What's the most difficult thing in understanding japanese? well I marked all the above

*laughs*, because I have so much things on my mind. That it is hard to multitask *sighs*

no matter how hard I want to learn japanese, I end up being so fried. though I have been practicing my hiragana, so I know all 41, but the thing is that I read the symbols slow if some one posted something and its all in hiragana, but for katakana - that I don't know 

o_o

----------


## Suki-Yaki

The Japanese language gives much emphasis for numbers , counting ,etc.. 

I HATE numbers  :Sad:  !

For example there is much difference in the counting methods. like when you wanna say "Ippon - hitotsu - ichi mai - ichi dai - ippiki ..etc etc .. " 

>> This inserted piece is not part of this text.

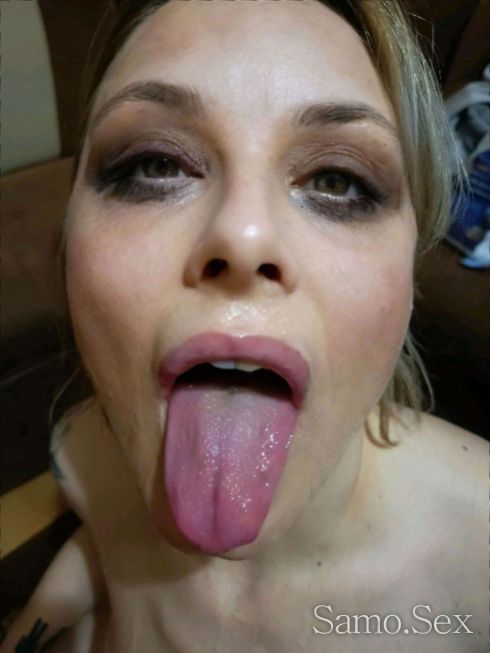 ❗🔞ТОП МИЛФ ❗🔞❗❗ -  снимка 4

In the English , it is always one pen , one book , one orange etc etc .. 

also , the confusion around days and date , it just makes me dizzy .. :dizzy:

----------


## Mcspi

for me the grammatical structure and verb forms are what is difficult.

----------


## Sensuikan San

I agree with Suki-Yaki ....

_COUNTING !_

This is where I feel the Japanese _really_ dropped the ball !

It seems quite incredible to me that you'd even _want_ to differentiate between counting thin objects, flat objects, fat objects, people, votes ..... you even have to think, sometimes, about which category covers the subject you have in mind ! 

.... I don't think I'll ever master it ... !

Do the Japanese actually _bother_ with this in everyday life ?

Are there parallells in any other languages ?

Regards,

W

----------


## WHEATTHlNS

Hadnt thought about the counting but I can see where that may well become an annoyance. . .

But all that is secondary to the writing. . .my handwriting is atrocious in English and I've gone from what should be A quizzes to C quizzes because my te looked to much like fu. . .

Being left handed EVERYTHING i write leans to the right side. . .

But yea those counters. . .

----------


## Rgchrono

everything is easy, chances are that with practice I will get better, that and going to japan for a year, "that's like learning japanese with steroids!!" as one of the members pointed out.

For now, writing is the hard part for me.

----------


## Jadrien24

For me it is definitely grammar and verb endings. I think the verb endings are very useful, but there are so many and even though I've found multiple websites with lists of them, I still can't find some forms on them. Regular grammar like having the verb at the end of the sentence doesn't bother me so much, but when it doesn't follow that order, it bugs the crap out of me! Example: Watashi wa rokuji ni deru kyuukoo ni norimasu (I will take an express train that leaves at 6 o' clock), after getting so nicely used to the verb always at the end, this just screws with my brain!  :Mad:

----------


## Inuyasha-the-kid

I dont like the kanji

----------


## EnzoHonda

I'm still very early in my study of Japanese. For me the hardest part is studying for a week, feeling really good about what I've learned, then renting a Japanese movie... and not being able to understand a freaking thing!

----------


## Upasaka

> It seems quite incredible to me that you'd even _want_ to differentiate between counting thin objects, flat objects, fat objects, people, votes ..... you even have to think, sometimes, about which category covers the subject you have in mind ! 
> 
> . . . .
> 
> Are there parallells in any other languages ?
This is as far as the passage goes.